Telescope opens sky to students, classes

Director of MacAdams Student Observatory, Timothy Knauer, explains the science behind the telescope located on the top level of parking garage # 2 in Lexington, Ky., on Monday, January 13, 2013. The color red is used to help human's eyes adjust to the night sky in the telescope. Photo by Eleanor Hasken | Staff

Director of MacAdams Student Observatory, Timothy Knauer, explains the science behind the telescope located on the top level of parking garage # 2 in Lexington, Ky., on Monday, January 13, 2013. The color red is used to help human’s eyes adjust to the night sky in the telescope. Photo by Eleanor Hasken | Staff

By Laura Shrake
lshrake@kykernel.com

At the MacAdam Student Observatory, students can observe the details of the night sky amid the bright lights of UK’s campus and the bustle and sirens of Lexington.

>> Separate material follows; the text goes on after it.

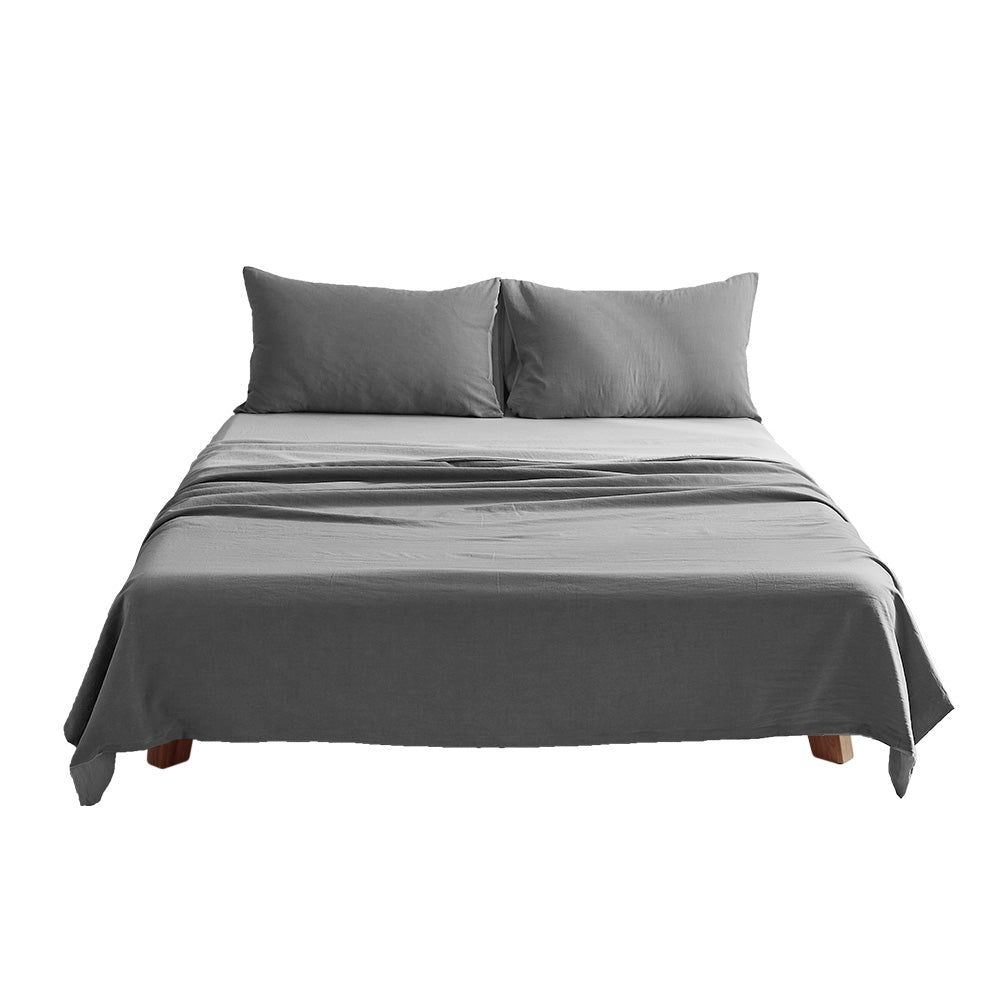 Premium 100% Cotton Grey Luxury Sheet Set - Queen Size Bedding with Flat Sheet, Fitted Sheet & Pillowcases for Ultimate Comfort & Softness | Perfect for Master Bedrooms, Guest Rooms & Cozy Home Decor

Inside the observatory, which sits atop Parking Structure No. 2 on Rose Street, three graduate students operate the telescope and explain what the observers are looking at in the sky.

“There are so many interesting things to look at in the night sky,” physics graduate student Eckhart Spalding said. “It’s hard to choose just one.”

But if he had to choose just one, he said the planets are the most interesting to examine. The telescope can easily show the rings of Saturn and large moons if they are in the right position.

“(The telescope) has the largest telescope lens on campus,” observatory director Tim Knauer said.

The observatory is convenient and easy to use, Eckhart said.

The biggest problem visitors encounter is light pollution from being on campus and in the city. However, Eckhart said the lighting conditions are sufficient for the research he is conducting.

“The good thing about the observatory is that it’s completely run by the computer,” physics graduate student Kyle McCarthy said. “There’s not a lot of down time … the computer tells the telescope where to go and students can just walk right up to the telescope and look.”

The telescope itself cost about $35,000, and including the instruments that support and move the telescope, Knauer estimates the cost to be between $60,000 and $70,000.

“The telescope is right at the break point (between) the biggest amateur telescope and the smallest professional telescope,” said Keith MacAdam, a professor emeritus at UK.

MacAdam said the observatory established in his name has relatively secure funding through an endowment he and his wife set up.

“(The endowment) will keep this thing going,” MacAdam said. “I wanted to support this because … it’s the best way to get a knowledge, love and appreciation for physical science into the community.”

Entering its sixth year, the observatory is dedicated to teaching undergraduate students in astronomy classes.

Knauer said undergraduate students in Astronomy 191 and 192 are required to visit the observatory for 30 minutes one evening in the semester to report on what they see.

The observatory is also open to off-campus groups and students.